Just did a quick google myself and it appears this is the Bf 109 at the AFM in Ohio on static display. Cool!

www.warbirdsresourcegroup.org - Warbird Registry - Luftwaffe Aircraft

Fact Sheets : Messerschmitt Bf 109G-10 : Messerschmitt Bf 109G-10


----------



## Erich (Nov 30, 2008)

Njaco

nice sig fits the times, excellent, like yours and Grau's

sorry but very hare to tell due to missing wings just what is on the pics in the cracked up state


----------



## GrauGeist (Dec 1, 2008)

Thanks Erich, the mood I've been in lately, my sig may be the substitute for the outdoor lights and various decorations this year...lol

As far as I've read, the H model was taken from the F chassis and modified. It is too bad that there aren't any wings attached, since the H's wings were unique. The tail was more pronounced as well. The canopy frame does look late, though.

Perhaps this three-view would help to compare details?


----------



## 109ROAMING (Dec 1, 2008)

Is this a 109H?


----------



## phas3e (Dec 1, 2008)

Bv155


----------



## 109ROAMING (Dec 1, 2008)

Cheers Phas3e ,I thought it wasn't a 109


----------



## Flyboy2 (Dec 1, 2008)

Just some pictures of the Bv-155 I came across.. in case your curious. Completely off topic though...


----------



## 109ROAMING (Dec 2, 2008)

Cheers Flyboy2


----------



## Flyboy2 (Dec 2, 2008)

Anytime man


----------



## thewritingwriter89 (Dec 2, 2008)

Flyboy2 said:


> Just some pictures of the Bv-155 I came across.. in case your curious. Completely off topic though...



kind of looks like a Heinkel-100


----------



## thewritingwriter89 (Dec 2, 2008)

The Bf-109H was an attempt to make a super-high altitude 109 using existing F airframes. They wanted to make a stop-gap interceptor and reconissance aircraft but better versions of the Ta-152 and 262 were nearing completion in their development cycle so the project was abandoned. The first "H-0" used the 601E and later prototypes used the Jumo 213. Performance was deemed unsatisfactory. And, regarding your photo Njaco, I don't think it would be easy to tell if it was an H unless you were told specifically so, because the extended wings aren't in the picture (granted, your Dad may have actually been told that, or knew that, whatever). Other than that, the fuselage looks looks like a stock late model 109. If it is actually an H, then you have a rare pic my friend.


----------



## GrauGeist (Dec 2, 2008)

Well, I'm comparing the 3-view with NJ's pic, and there's two things I see that point me towards a late G series.

One, is the tailwheel bulge on the H 3-view, which was to encase the tailwheel assembly to reduce drag.
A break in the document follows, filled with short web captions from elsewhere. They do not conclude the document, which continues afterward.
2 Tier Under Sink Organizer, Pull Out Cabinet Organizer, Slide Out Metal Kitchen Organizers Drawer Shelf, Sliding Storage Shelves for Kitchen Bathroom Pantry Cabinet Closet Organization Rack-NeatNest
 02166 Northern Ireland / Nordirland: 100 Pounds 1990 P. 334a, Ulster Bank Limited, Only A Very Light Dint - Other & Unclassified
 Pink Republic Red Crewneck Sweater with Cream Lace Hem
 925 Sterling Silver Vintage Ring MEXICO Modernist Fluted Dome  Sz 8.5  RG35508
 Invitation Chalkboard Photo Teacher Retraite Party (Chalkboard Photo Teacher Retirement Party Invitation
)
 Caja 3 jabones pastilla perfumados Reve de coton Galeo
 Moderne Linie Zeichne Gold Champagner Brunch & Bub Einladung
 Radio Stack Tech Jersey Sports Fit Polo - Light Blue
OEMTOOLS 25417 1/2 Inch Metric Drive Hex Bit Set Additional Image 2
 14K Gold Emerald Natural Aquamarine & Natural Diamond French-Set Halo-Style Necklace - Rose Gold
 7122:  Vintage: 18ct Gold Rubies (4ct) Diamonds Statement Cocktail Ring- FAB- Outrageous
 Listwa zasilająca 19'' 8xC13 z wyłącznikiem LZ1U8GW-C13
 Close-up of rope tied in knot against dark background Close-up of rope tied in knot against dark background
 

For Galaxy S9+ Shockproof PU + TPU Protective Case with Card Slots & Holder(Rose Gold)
The photo shows a recess, much like the late G had.

The other, is the more pronounced cooler intake in the photo, which again, is consistant with the standard G series. The H had more of a stream-lined configuration to reduce drag.

Other than that, there's really not much to go on


----------



## Capt. Vick (Dec 2, 2008)

...then it can't be a Bf 109 H. Look where the landing gear is attached. In the picture of the supposed H the gear is attached to the fuselage, while in the 3-view they are well outboard. I have always thought of the H, and the Z for that matter, somewhat of a myth. Just my humble opinion though. I'll take my beating now thank you!


----------



## Njaco (Dec 2, 2008)

I don't think its an 'H' either. My father didn't take the pic and it appears its one of those stock photos you could buy in a hobby shop. The photographer indentification is hand stamped whereas the rest is in my dad's handwriting. Maybe that is what he was told and he wrote that.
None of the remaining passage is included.